Having suffered a serious injury during her regular training, Wang missed the chance to participate in the 2014 Winter Olympics in Sochi. Therefore, while beginning her entrepreneurial work in Heilongjiang Province last June, Wang decided to pursue further studies, enrolling in an MBA program at Renmin University of China (RBS), a top university whose business school was China's first to offer an MBA program and which is renowned as a cradle of business education in Beijing. Constantly jumping back and forth between Beijing and Heilongjiang, the short track speed skater had created quite a lifestyle for herself — one which she admits she enjoyed quite a bit.

"It had a perpetual sports industry headache when I started the project back in June. Numerous troubles beyond my expectations nearly pushed me to give up. What perhaps took the biggest toll on me was that whenever I would send sports materials to the upper branches in charge of sports affairs for further confirmation or would hold trade talks with other agents, I would suffer setbacks," explained Wang.

"In the past, I would always look down upon others just because I am a world champion. But now, I have been brought right back to being a normal person, like everyone else, and I find that there are many master hands in social circles, who I need to respect and admire.

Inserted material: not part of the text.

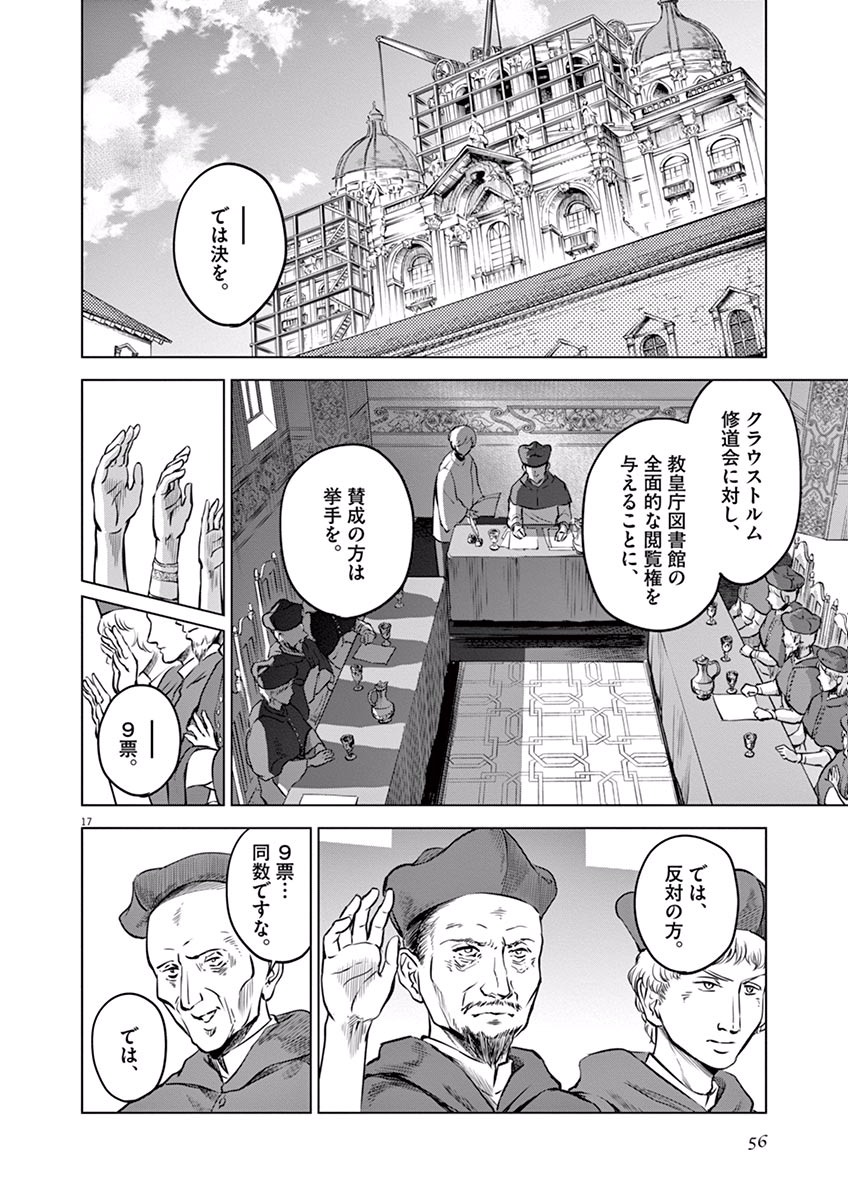 Hengoku no Schwester Chapter 12 18ページ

That's been my mental change, going from a top-level athlete to a normal woman."

An advertising brand that stamped Wang's image on their campaign in September 2014 to promote more active participation in short track speed skating inspired Wang, attuning her to the fact that celebrated figures could play a big role in helping benefit sports organizations — such as her own. Her involvement in the campaign inspired her to keep a firm belief in herself as well as a tough and unyielding spirit to continue her entrepreneurship.

"I will insist on continuing to promote my sport and its industry going forward, whether it is promising or not, and I hope that I can set a fine example for our future retired athletes. If things go smoothly with my business, I expect that I could provide even more full-time employment opportunities," said Wang.